This is a simple colab demonstrating one way of uploading data from the Stolen Szechuan Sauce challenge (found [here](https://dfirmadness.com/the-stolen-szechuan-sauce/)).

This colab will not go into any analysis of the data, only uploading data to a sketch.

A word of notice, this notebook can be run on the cloud runtimes, but then few changes need to be made. However it is assumed that you are connecting to a local runtime, see [instructions here](https://research.google.com/colaboratory/local-runtimes.html). This makes it easier to import data that is already on your system.

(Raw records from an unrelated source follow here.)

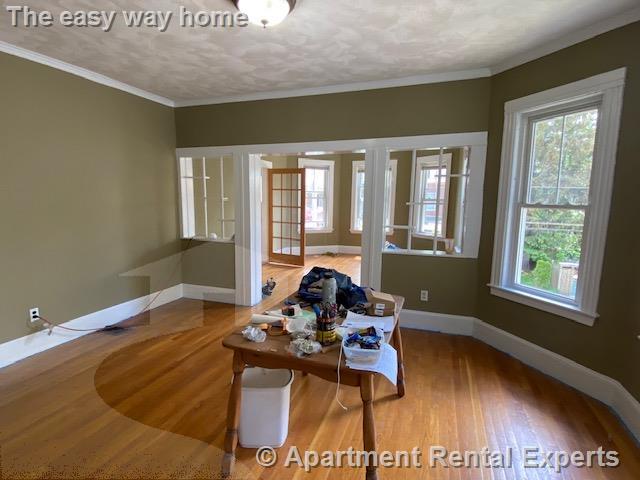 3 bed, 1 bath apartment for rent at 10 Usher Rd Unit 2, West Medford — photo 9 of 31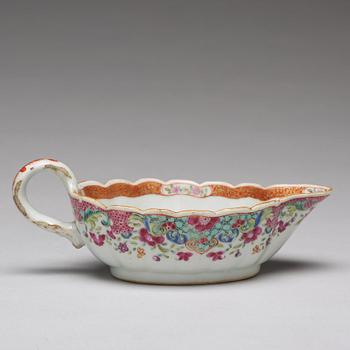 A pair of export porcelain famille rose sauce boats, Qing dynasty, 18th century.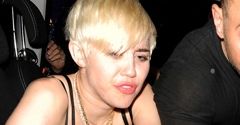 Upadek młodej gwiazdy? Pijana Miley Cyrus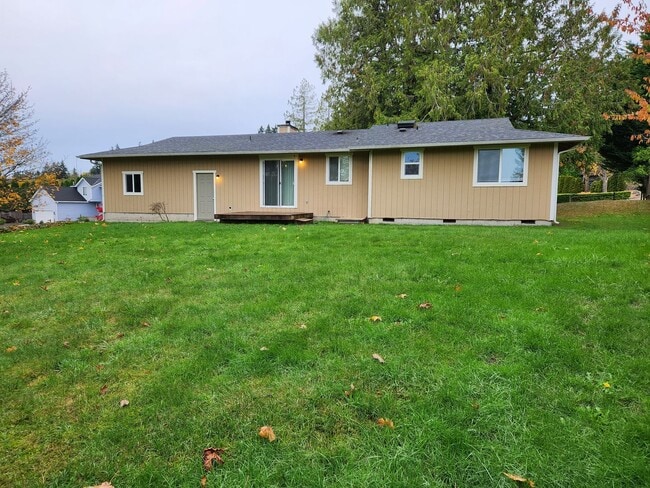 Building Photo - 3 Bedroom Rambler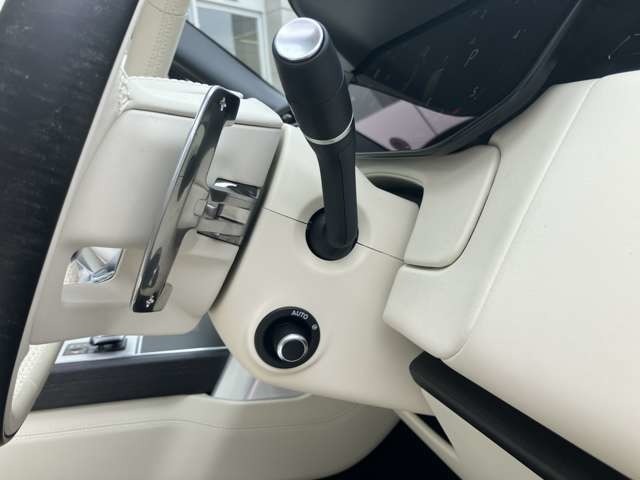 【電動コラム】シートメモリーと合わせて使用すると複数人運転する場合は、お好きなポジションを記憶する事ができます。細かな調節も可能なため、ストレスなく運転が出来ます。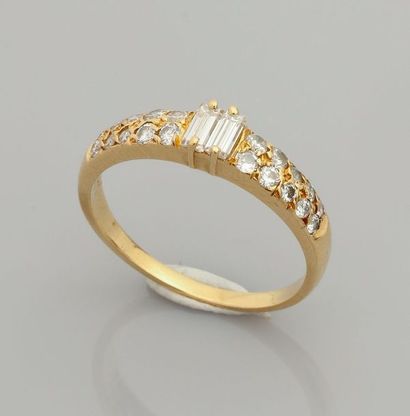 null Bague en or jaune, 750 MM, centrée de deux diamants taille baguette sertis entre...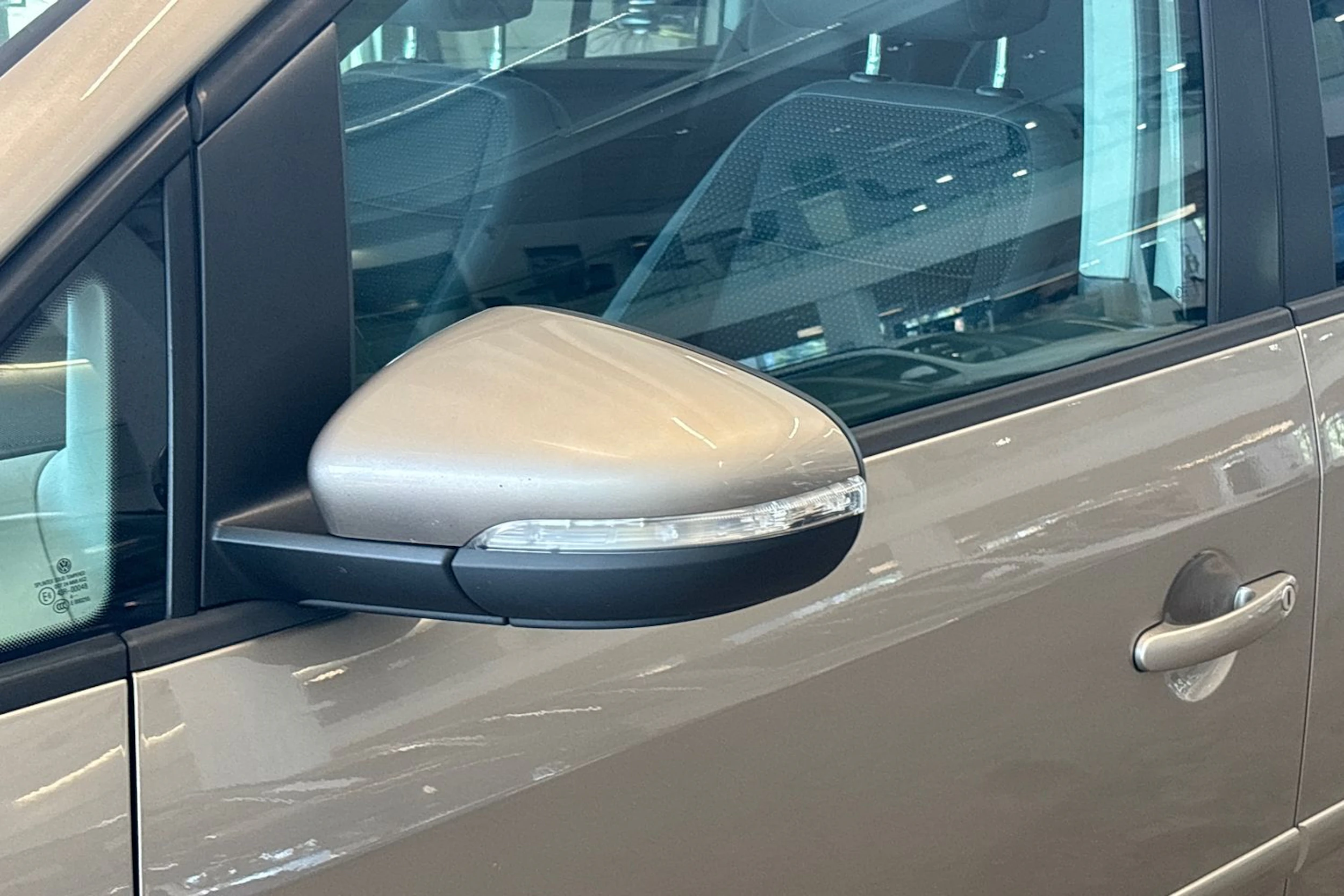 Ruskea (beige) Volkswagen TOURAN 2015 kuva 33.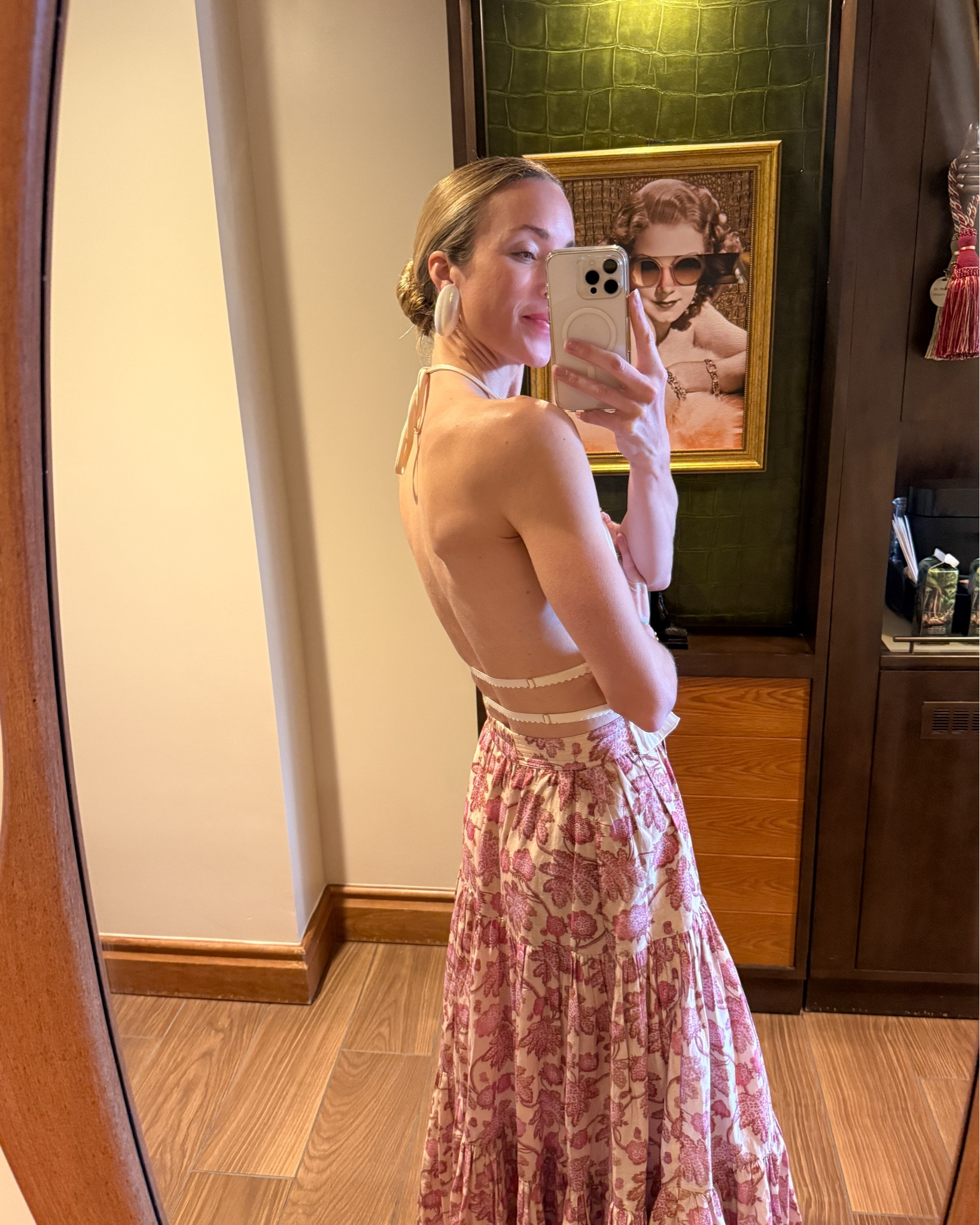 S top, XS sweater (wish I had S!), skirt is old Wiggy Kit—similar linked! 

#LTKootd #LTKSeasonal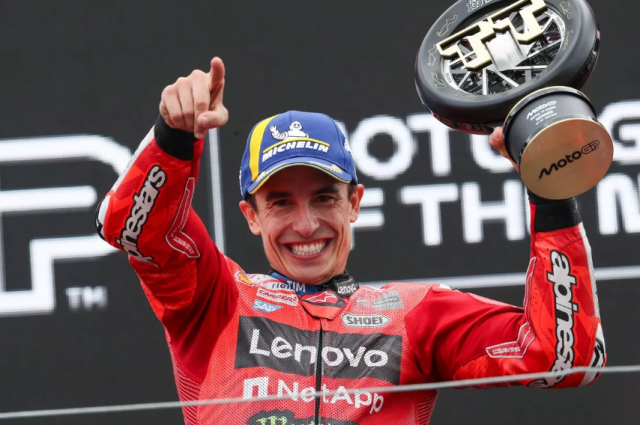 Assen bung no khi Marc Marquez chien thang kich tinh Alex gap tai nan dang tiec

For a more generic instructions of Colab can be [found here](https://colab.research.google.com/github/google/timesketch/blob/master/notebooks/colab-timesketch-demo.ipynb)

In [None]:
# @title Import libraries
# @markdown This cell loads libraries that we will use througout the notebook.
import io
import os
import codecs

import altair as alt
import numpy as np
import pandas as pd

from timesketch_api_client import config
from timesketch_import_client import helper
from timesketch_import_client import importer

## AutoRuns File

Let's read the file that contains the output of the AutoRuns file.

In [None]:
# @markdown This needs to be changed to reflect the correct path.

PATH_TO_FOLDER = '/mnt/chromeos/MyFiles/Downloads' # @param {type: "string"}
# @markdown the path to the folder will be used for all subsequent paths
# @markdown as a root folder.
AUTO_RUN_FILENAME = 'autoruns-desktop-sdn1rpt.csv' # @param {type: "string"}

PATH_TO_CSV = os.path.join(PATH_TO_FOLDER, AUTO_RUN_FILENAME)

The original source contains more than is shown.